Post 3: Positivity and Trust

“Believing in negative thoughts is the single greatest obstruction to justice.”
-Charles F. Glassman

The worst things in the world are people. People are unpredictable, hard to trust and even harder to keep. Coincidentally, the best things in life are, you guessed it, people. Its no mystery that I have a pretty small “tribe” as people like to call it. I can count the number of friends I have on one hand with ease. To some that’s a problem, but I know that at any point in time, those 5 people would help me at the drop of a hat. They would be there without question to make sure that I was taken care of. But people are still the worst.

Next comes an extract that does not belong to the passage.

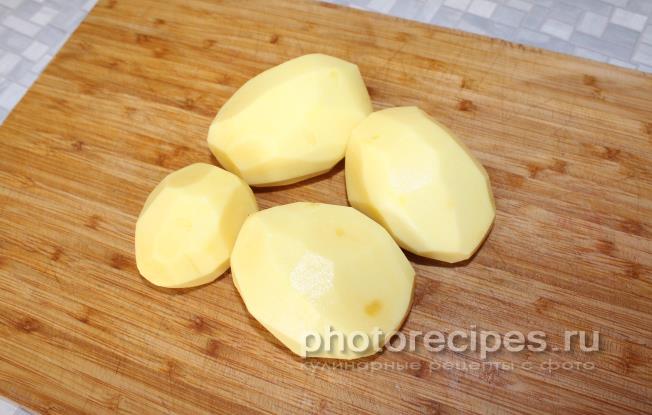 Варено-жареная картошка фото рецепт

My first interaction with people I generally want to trust them. I want them to be the best person there is and I don’t usually expect them to turn their backs on me. But The Hardest thing about the expectation, is that it is rarely met. Trusting someone means being able to tell them anything, trusting that they will support you and inform you when they shouldn’t. Trusting someone means knowing that they are defending you when you aren’t around. It means being able to vent to them and they won’t use it as fuel in your destruction. Trust is not a finite resource, it is never-ending and should go on even after the relationship has passed. But that happens rarely, and usually only with lots of bumps and bruises on the way. Trusting too easily can get you in as much trouble as not trusting at all. People take advantage of the trust you are willing to give them, people use it as a door into your weaknesses. They use it as a away to break you down and put them on their level. Not everyone, but the ones that don’t, are the ones that deserve your whole life and whole dedication. Once you find those ones, you know you have found your true “tribe”.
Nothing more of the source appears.